Quick and easy tips to improve audience engagement.
#5 — There is a difference between Advertising vs. Marketing
- Advertising is making the public aware of your programs and events. The main goal is to raise general awareness — to get new people talking about your museum.
- Marketing is made to share your programs and events with those who want to hear it. If a marketing staff member is involved from concept to launch — expect a successful result.
#4 — Print is still Alive (at least in the tourism industry)
Travelers love to pick up print media. Rack cards, brochures, and other types of printed materials can stay in offices or homes for months after they are received. This gives your print ad an extended lifetime. Most Baby Boomers and seniors still prefer physical marketing materials such as travel magazines for deciding their next museum or historic site trip.
Experienced museum professionals know that the average museum visitor is someone over the age of 65 with a college degree. Print expenses should mostly be used for this older audience with a focus on tourism. Outside of tourism marketing, plan to reduce your print ad budget line and increase spending on digital ads.
#3 — Your second largest audience should be visitors between 25–40 years old
Based on population growth trends, not only are millennials the second largest generation (after Baby Boomers) — they want to be engaged and yet they are under-served by museums. When it comes to millennial marketing, museums are not competing with other museums — you’re going up against Netflix, happy hours and a million other social activities. To reach this audience, you have to meet them halfway. Setup a co-marketing partnership with a millennial-friendly organization such as a nearby craft brewery, a popular podcast or a specialty tour group such as Museum Hack.
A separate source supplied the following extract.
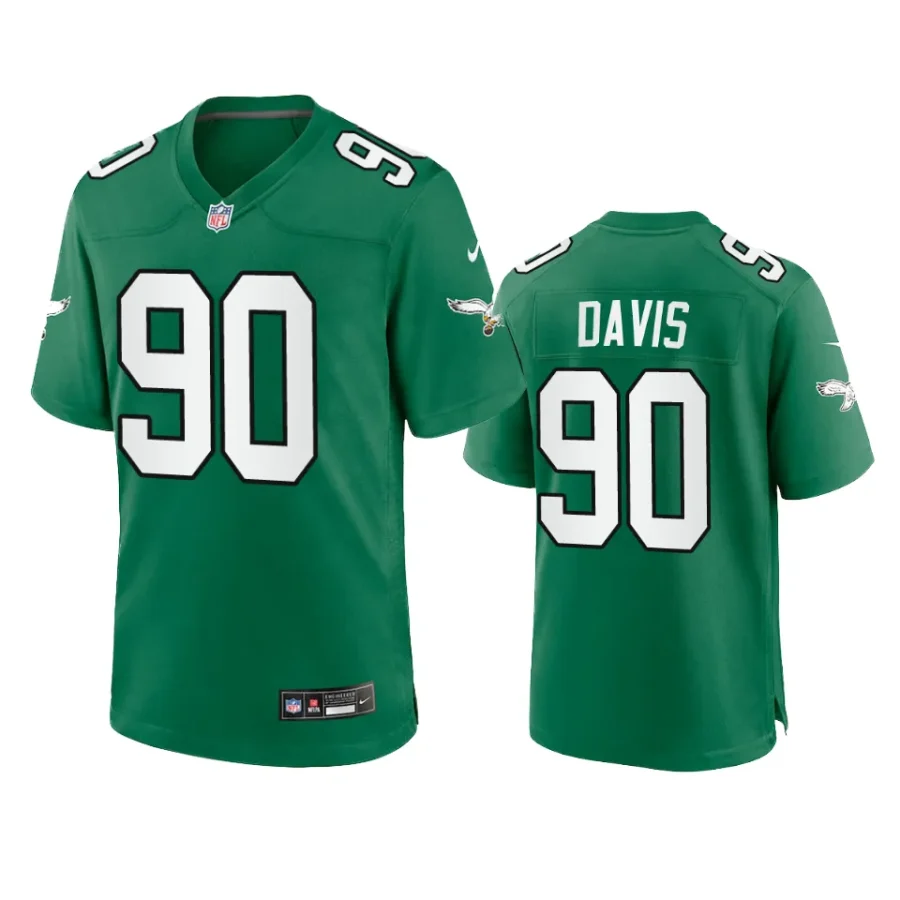 jordan davis eagles kelly green alternate game jersey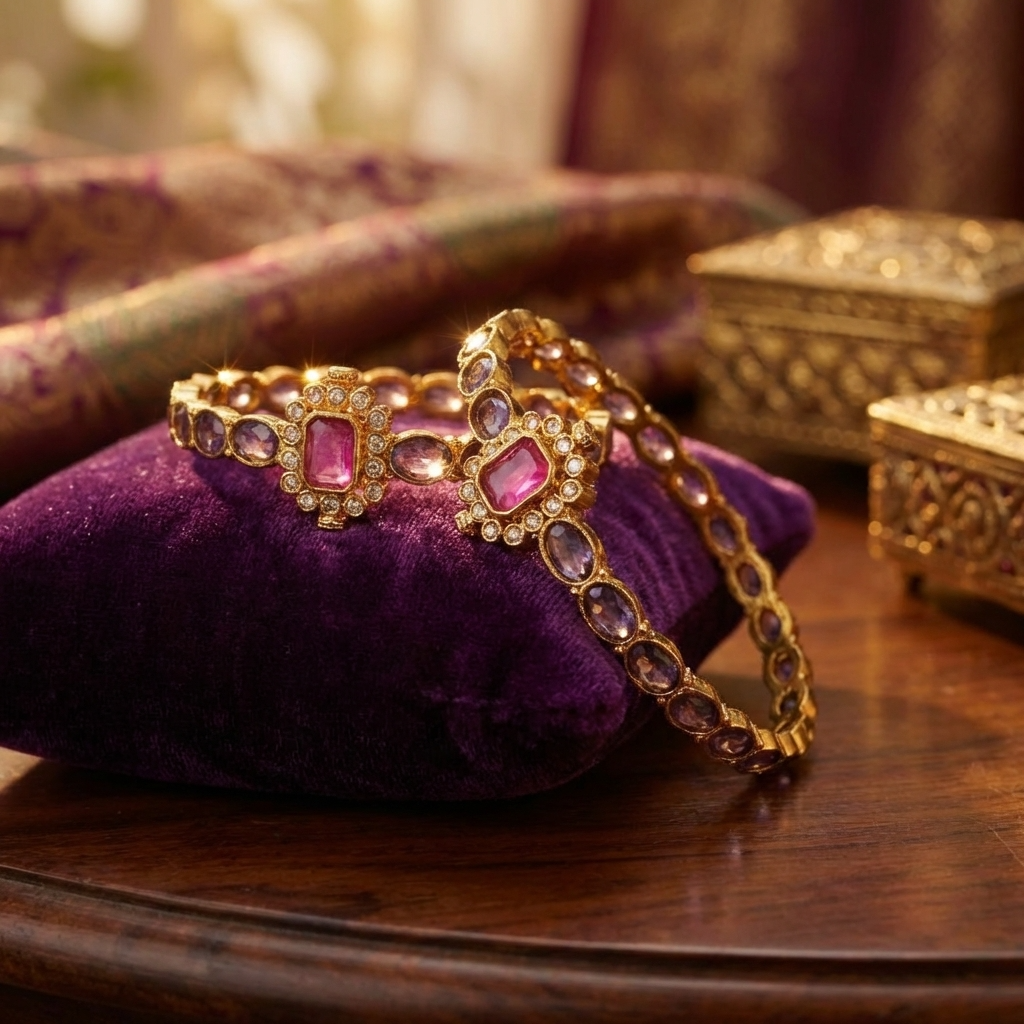 Traditional Stone Studded Kada Bangles – Antique Gold Ethnic Jewelry with Pink & Purple Stone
#2 — These collaboration tools will make your work life easier
- Typeform — Every museum marketing professional understands the pain point of coordinating and managing the details of a project that involves different departments. Typeform solves this problem through an online form that collects your coworker’s project details such as deadlines, content copy, and ad design specs in one place. Gone are the days of digging through past emails to figure out the color of that new exhibit title.
- Trello — After the project is approved. You can create a project tab in Trello and label it so others can keep track of the project’s progress. You’ll no longer have to explain a project timeline, instead you can share the project link.
- Dropbox — It’s a good alternative to Google Drive (just pay for a secured service and you’ll instantly reap the benefits). Printers and ad agencies love Dropbox, because it’s an easy way to transfer content without worrying about an email error due to a large file size.
# 1 — Data Analytics is your Friend
If you made it this far, there’s a good chance that you learned something new or at least gained a refresher on museum marketing. Now we’re going to shift gears into a rapidly growing field of museum marketing — museum data visualization. Data visualization is a process of evaluating, transforming and modeling large amounts of data with the end-goal of discovering insights that support decision-making. This technique has been quickly adopted in the for-profit world and it’s now entering the museum field.
Here are some data visualization tools that can turn your attendance records and digital marketing reports from disconnected numbers into an easy-to-use report for confident decision-making:
- Visually, this service is great for infographs but it’s dependent on contracting work to a designer from their website.
- Tableau, the best part about Tableau is the click and drag feature. However, pricing can be expensive for small to mid-sized museums.
- D3, this tool is mostly for people comfortable with coding. If your museum is lucky enough to have a data analyst, they’re probably using D3.